Il vertice di oggi con il premier Giuseppe Conte e con il ministro Bonafede ha inoltre portato a uno slittamento del Consiglio dei ministri da venerdì a sabato mattina per l’esame del Milleproroghe in cui, stando agli annunci del governo, finiranno anche le intercettazioni. La proroga dell’ex riforma Orlando, tuttavia, non sarà più di sei mesi, come inizialmente previsto, ma “molto breve: giusto il tempo di apportare le modifiche concordate” ha spiegato l’ex presidente del Senato Grasso al termine del vertice. Tra le norme da riscrivere ci sono quelle relative alle intercettazioni tramite “trojan”, il dispositivo in grado di trasformare il telefono dell’intercettato in una sorta di microspia, che si vogliono equiparate alle intercettazioni telefoniche e quindi far autorizzare solo per ipotesi di reato che prevedono una pena superiore ai 5 anni. Altre modifiche riguarderanno il controllo del pm sulla selezione delle comunicazioni da trascrivere, ora affidata in via quasi esclusiva alla sola polizia giudiziaria.

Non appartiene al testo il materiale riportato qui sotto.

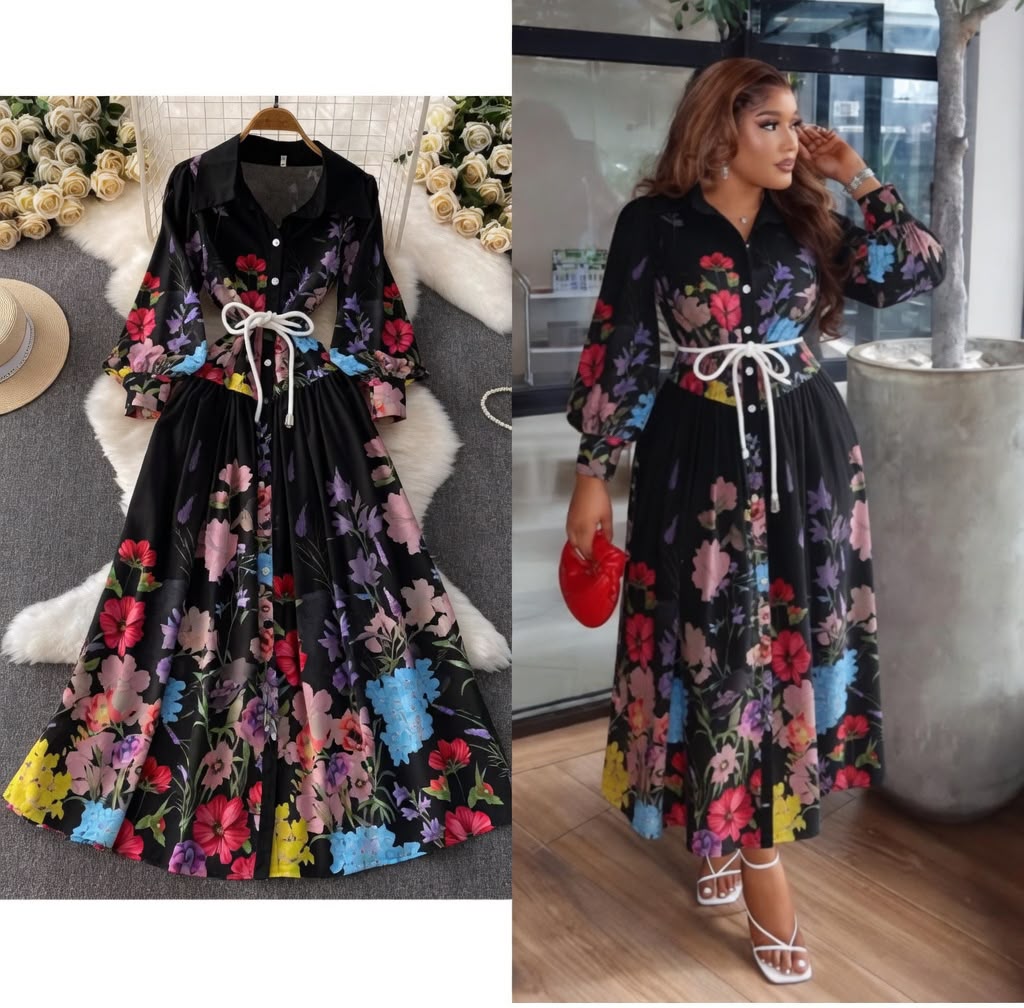 Luxe Chic Dress - Black Floral Maxi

Ma il testo dovrà prevedere anche modalità più agevoli per l’accesso del difensore al materiale intercettato, una modifica chiesta pure dell’Unione delle camere penali.
Politicamente, Bonafede evita accuratamente di intestarsi successi a scapito degli alleati. Così si limita a dire che nel vertice “c’è stato davvero un bel lavoro, di cui sono molto soddisfatto” perché “è stato trovato un approccio pragmatico, non ideologico e con questo siamo arrivati a una soluzione che dal punto di vista mio e della maggioranza, si bilanciano perfettamente tutti gli interessi in gioco”.